В самые первые дни войны защитниками Псковщины были только летчики. Трое из них в пылу боя протаранили "юнкерсы", при этом умудрились сохранить свои машины и вернуться на аэродром. Их фамилии: Харитонов, Здоровцев и Жуков. Псков был взят через две с половиной недели после начала войны, но об этих двух неделях можно написать толстенную книгу – с такими, например, главами: "Безымянный автоматчик у деревни Батьковичи"; "Мост младшего лейтенанта Байкова"; "Лётчик Михайлов, Л.В."; "40 спартанцев у села Мараморка"... Все эти бойцы задерживали наступавших на Ленинград немцев иногда на день, иногда всего на несколько часов, но они давали другим возможность отступить, а не бежать, перегруппироваться, выйти к своим, отбить какой-нибудь поселок, выжить... И уже 19 июля Гитлер дал приказ наступавшей через Псковщину группировке "Север" остановить наступление, сгруппироваться, принять пополнение... Это дало нашим передышку, чтобы организовать оборону у Луги и на Пулковских высотах).
В деревне Алоль немцы устроили мастерские по ремонту танков, а в Усохах были расквартированы механики. В избе Савелия и Ирины поселился немолодой инженер:
– Полный такой, добрый, детям то шоколадку принесет, то консервы какой... про мать свою всё вспоминал, фотографию показывал... Пальцем тыкал и говорил: матка, матка... Он и по-русски чуток выучил. Он в избе с другим офицером жил. А мы – в хлеву в теплом закут выгородили, пол настлали, печку справили – ничего, тепло было – от коровы, от порося.
В рассказы Ирины Ивановны иногда вмешивался Савелий Иванович – с каким-нибудь мужским обобщением:
– У нас немцы, – говорил он с чувством горькой справедливости, – плохого не делали. Ну, евреев, тех, конечно... Но это в Пустошке, в Опочке... А у нас еврей был один на две деревни – завмаг в Алоли.
Савелий Иванович помолчал секунду и сказал: "Моисей Абрамыч" – как будто тем, что помнил это имя, воздавал память...
– А вообще-то тут лютовали не немцы, а казаки, полицаи.
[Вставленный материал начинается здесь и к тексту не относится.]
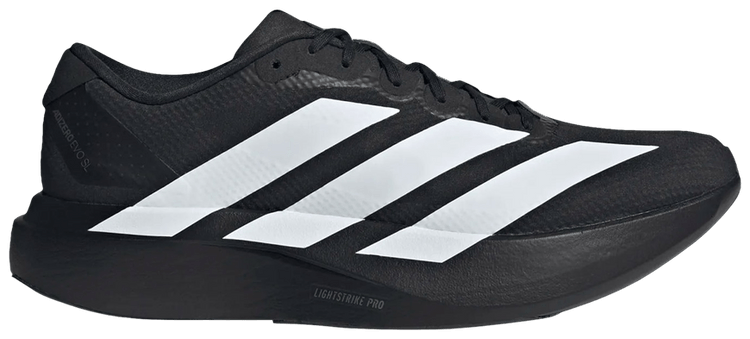 adidas Adizero EVO SL 2 Black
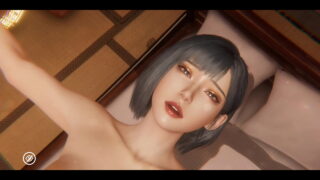 Uncensored Hentai / 3D Cartilla Loves Having Rough Sex While Restrained Rise Of Eros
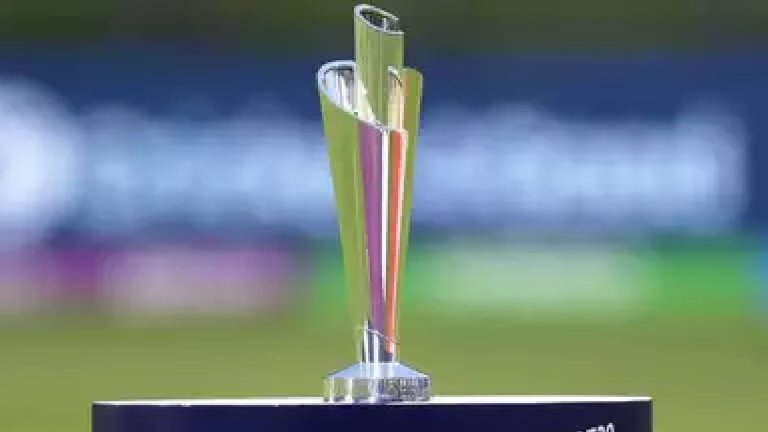 ICC Women's T20 World Cup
Только из рассказа стариков мы узнали, что у одноглазой, как адмирал Нельсон, Дуси – суровой хозяйки избы, которую снимали Гордины – глаз выбил нагайкой казак-полицай за то, что она, тогда двенадцатилетняя девчонка, нагрубила ему. "Ух, она отчаянная была, – сказала, посмеиваясь, Ирина Ивановна. – Как наша Люська". Младшую дочь стариков Людмилу, тогда лет четырнадцати от роду, осенью 43-го забрали среди других девушек для отправки на работы в Германию.
– Погнали, как стадо, – дрогнувшим голосом рассказывала Ирина Ивановна. – Мы, матерЯ, за ними – с воем. Нас отгоняли... Я осталась, плачу и плачу, остановиться не могу. А только на следующую ночь слышу я, будто постукивает кто в окошко... Гляжу – Люська!.. Убёгла! Прямо из поезда прыгнули, несколько их, девчонок. И – в лес. СтрЕльнули по ним, а догонять, видно, было не с руки... Мы прятали ее недельку-другую, а потом вроде и забыли про них...
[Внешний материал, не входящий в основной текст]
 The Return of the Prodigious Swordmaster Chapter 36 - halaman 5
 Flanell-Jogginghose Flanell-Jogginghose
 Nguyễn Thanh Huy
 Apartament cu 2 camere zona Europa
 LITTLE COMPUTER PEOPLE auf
"Отчаянная" Люська – Людмила Савельевна – часто приезжала из Великих Лук – модница, хохотушка, кокетка, по хозяйству старикам не помогала, но все радовались ее приезду, ее городским историям...
Псковщина дольше всех находилась в оккупации – три полных года – до лета 1944-го, когда наши отбили у немцев дотла разрушенный Псков. И опять это был июль:
– Ну, мы видели, что немцы как-то заторопились... А раз днем вдруг приезжает наш инженер. Попрощаться приехал и озаботиться о нас: "Мы, – говорит, – уходим, а ваши войска не сразу подойдут. А пока, до них, придут партизаны. Так вы, мол, поберегитесь". И умчался на своем газике – пыль столбом. Партизан тут было ух много по лесам. А еду им откудова брать, три-то года?.. Если в какую деревню проберутся, всё возьмут – ну, подчистую. А прятать?.. свои всё ж... да и расстрелять могут, свои – за саботаж, немцы – за связь с партизанами...
И Ирина Ивановна покачала сокрушенно головой, спрятав за этим выразительным движением всё то нерассказанное, что таилось в прошлом, в неразрешимой и безысходной тогдашней ситуации.
Мне за мою жизнь удалось пожить не только в русских деревнях, но два лета – в литовской и две недели – в американской.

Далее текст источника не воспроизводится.